¿Tienen algo en común el régimen de libertades consagrado, con el nombre de Monarquía Parlamentaria, por la Constitución de 1978 y la República que se instauró en España a partir de 1931? Me parece que son dos etapas históricas que tienen poca relación. La diferencia se observa en distintos puntos.
Primero. El contexto internacional. A mediados de los años 70, la democracia era la única salida lógica para un país europeo incardinado en el bloque occidental, con los niveles de vida que tenía España. Los años 30, sin embargo, fueron de turbulenta crisis de la democracia. Las fuerzas políticas se radicalizan; la izquierda hacia el modelo revolucionario, los viejos partidos conservadores, hacia el fascismo y el nazismo. Este fue un fenómeno europeo y universal que en España coincidió con la República y la guerra civil. El drama gigantesco en el que desemboca esta crisis es la II Guerra Mundial.

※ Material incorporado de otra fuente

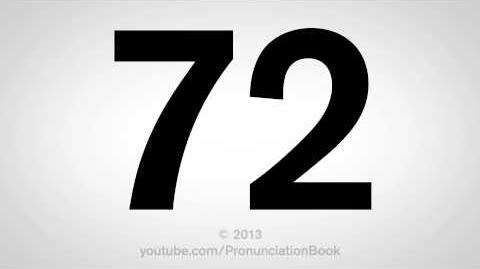 How to Pronounce 72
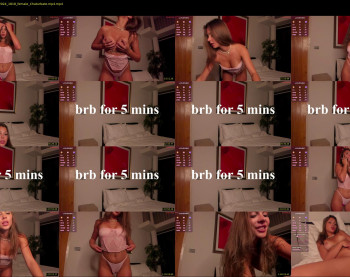 _catchmeifyoucan — 121 minute Chaturbate female cam show recording, 720p, Dec 27, 2024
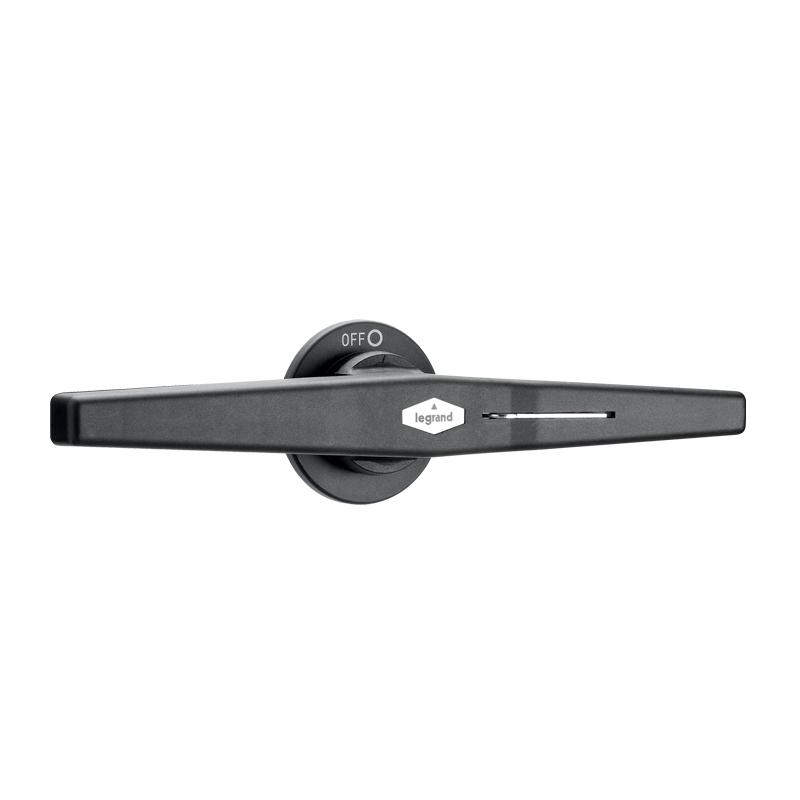 Выносная поворотная рукоятка - IP 65 - для DCX-M на 1000 и 1250 А - чёрная | 431143 | Legrand — Legrand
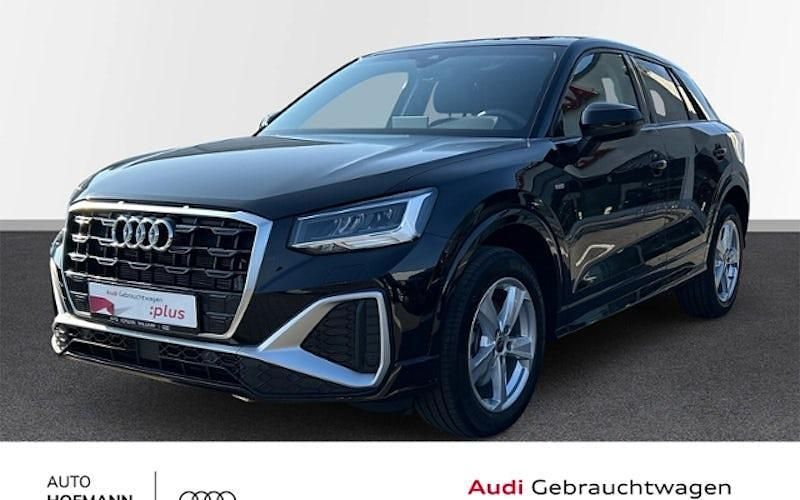 Schwarz Gebraucht 2024 Audi Q2 S-Line SUV | 37.420 € (Teuer) - Bild 1/4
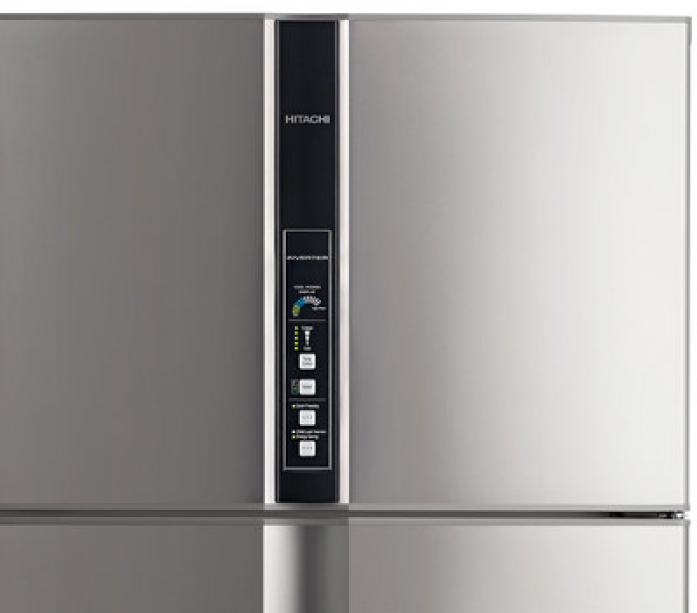 Холодильник Hitachi R-V 722PU1 SLS в магазине «На диване» в Москве  — Выгодная цена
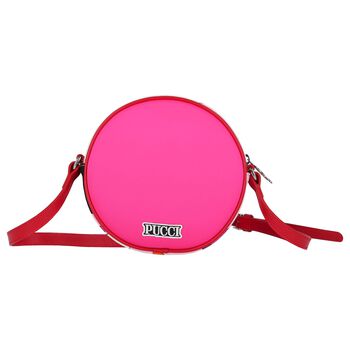 Girls Pink Iride Handbag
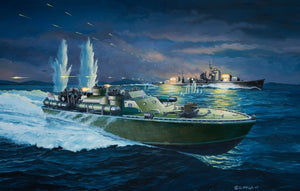 Revell 65147 Patrol Torpedo Boat PT-109 - Model Set 1/72 – Bild 8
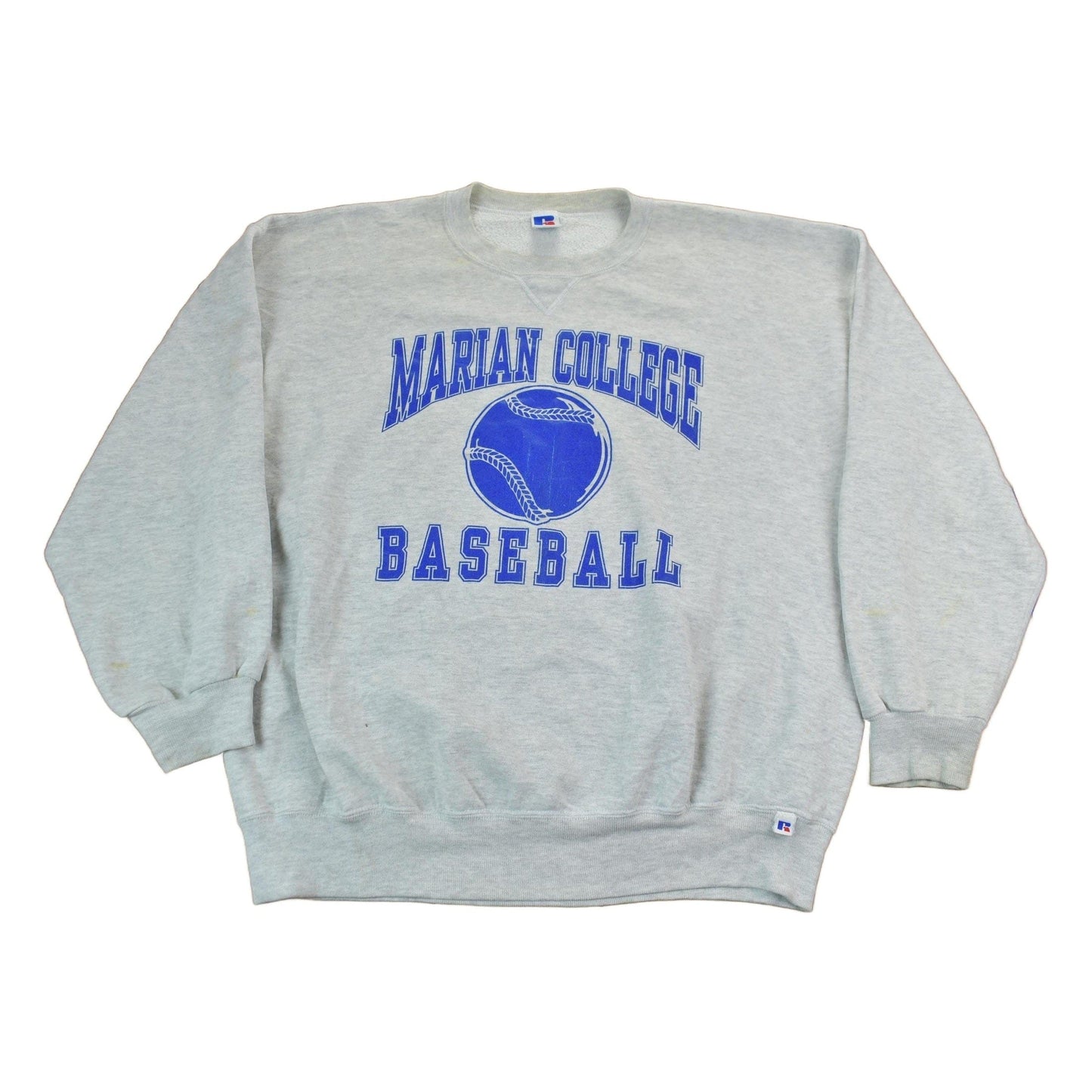 Vintage 1990s Marian College Crewneck Sweatshirt Men's 2XL from propervintagecanada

Segundo. ¿De qué situación se partía? En el caso de nuestro sistema actual, partíamos de un largo período de dictadura. Por lo tanto, el cambio supuso una evolución en el sentido democrático. La República —esto se olvida frecuentemente— no sustituye a una dictadura, sino a un sistema constitucional, que tenía un amplio margen de libertades (hagan ustedes un pequeño experimento: vean las obras de los poetas del 27 —Lorca, Alberti, etc.— y comprueben cuántas se publicaron antes de 1931; el resultado romperá más de un tópico) y que funcionaba, con muchas imperfecciones, como un estado de derecho, en los niveles de aquella época. La monarquía de Alfonso XIII podía ser un sistema agotado e inviable, pero no era un sistema dictatorial ni totalitario.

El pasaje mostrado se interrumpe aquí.